Je vois dans mon miroir la rougeur qui m’accuse

D’avoir fait un péché... »

(Pour Mademoiselle de M***)

   « La Belle Vieille » de Maynard évoque certes l’amitié amoureuse mais sous-entend une grande part d’érotisme : « Et ferais, jour et nuit, l’amour à ton cercueil ! »

   Tristan L’Hermitte et Théophile de Viau sont particulièrement représentatifs de ce va-et-vient entre volupté, idéalisme et mélancolie. Précieux nourris de modèles italiens et de baroque, ils livrent respectivement « La maison d’Astrée » et « La Maison de Sylvie ».

   Mentionnons également un thème majeur, celui de la coexistence de l’amour et de la mort que Marbeuf sous-entend par ce magnifique sonnet :

« Et la mer et l'amour ont l'amer pour partage,

Et la mer est amère, et l'amour est amer,

L'on s'abîme en l'amour aussi bien qu'en la mer,

Car la mer et l'amour ne sont point sans orage.

 *

Celui qui craint les eaux qu'il demeure au rivage,

Celui qui craint les maux qu'on souffre pour aimer,

Qu'il ne se laisse pas à l'amour enflammer,

Et tous deux ils seront sans hasard de naufrage.

 *

La mère de l'amour eut la mer pour berceau,

Le feu sort de l'amour, sa mère sort de l'eau,

Mais l'eau contre ce feu ne peut fournir des armes.

 *

Si l'eau pouvait éteindre un brasier amoureux,

Ton amour qui me brûle est si fort douloureux,

Que j'eusse éteint son feu de la mer de mes larmes. »

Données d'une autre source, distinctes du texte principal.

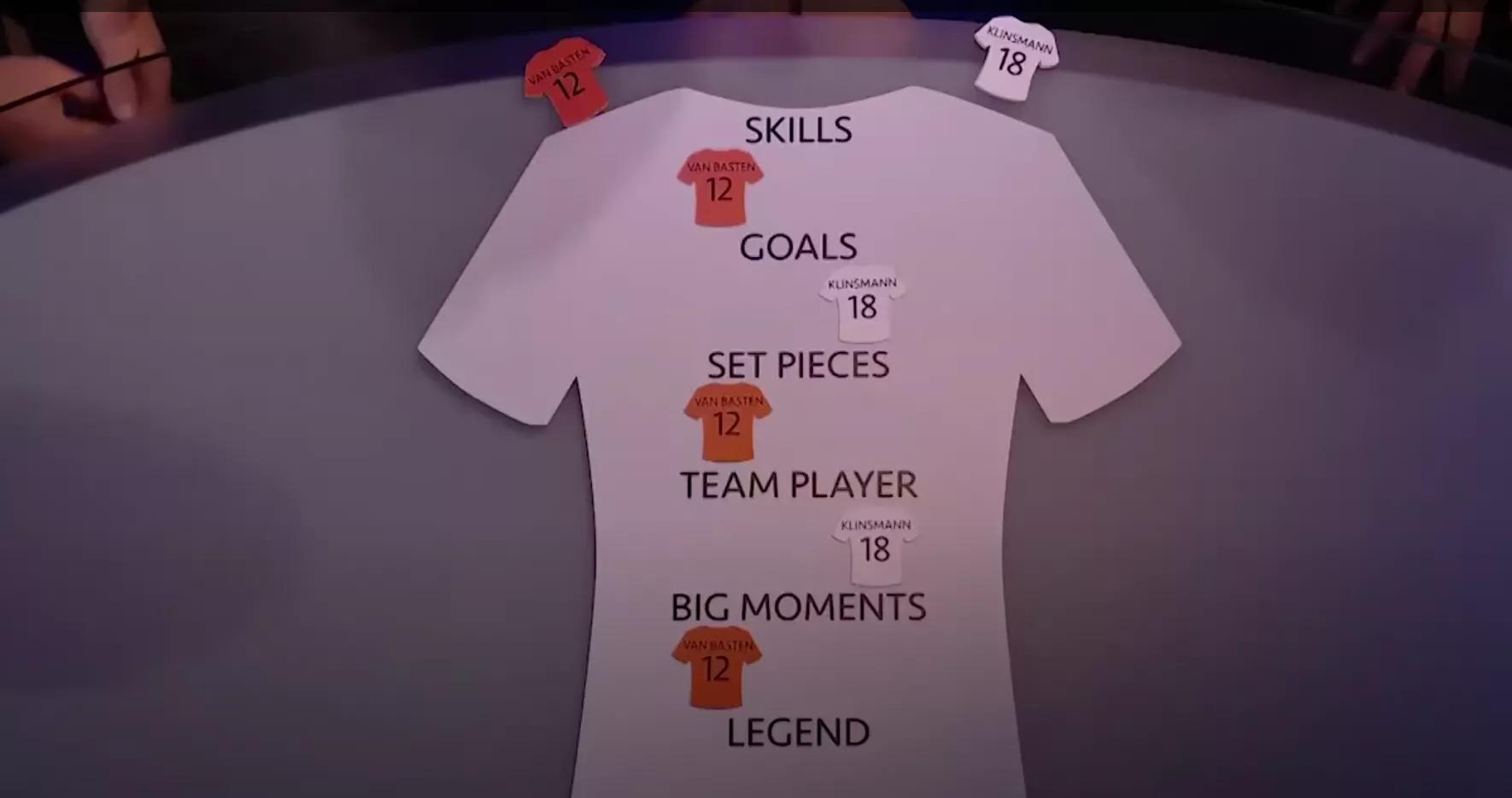 巴斯滕和皇马比赛集锦,巴斯滕和尤文图斯比赛集锦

   Il écrit ailleurs : « Au repos du sommeil la mort n’est point contraire, / C’est la même douceur... ». Maynard, quant à lui, déclare que la mort est « une loi non pas un châtiment. »

   Les joies charnelles sont inséparables de visions funestes, comme le souligne Marbeuf : « ... vos tombeaux pleins de ténèbres / Esprits... ». Mais il reste le seul à désigner les femmes par leurs véritables prénoms, Isabelle, Valiane, Madeleine, Anne, Gabrielle, Jeanne ou Hélène. Quant à ses Amaranthe, Sylvie ou Marie, elles relèvent plutôt de symboles.  

Sources : Un certain XVIIe siècle, Jean Tortel, André Dimanche Éditeur, 1994.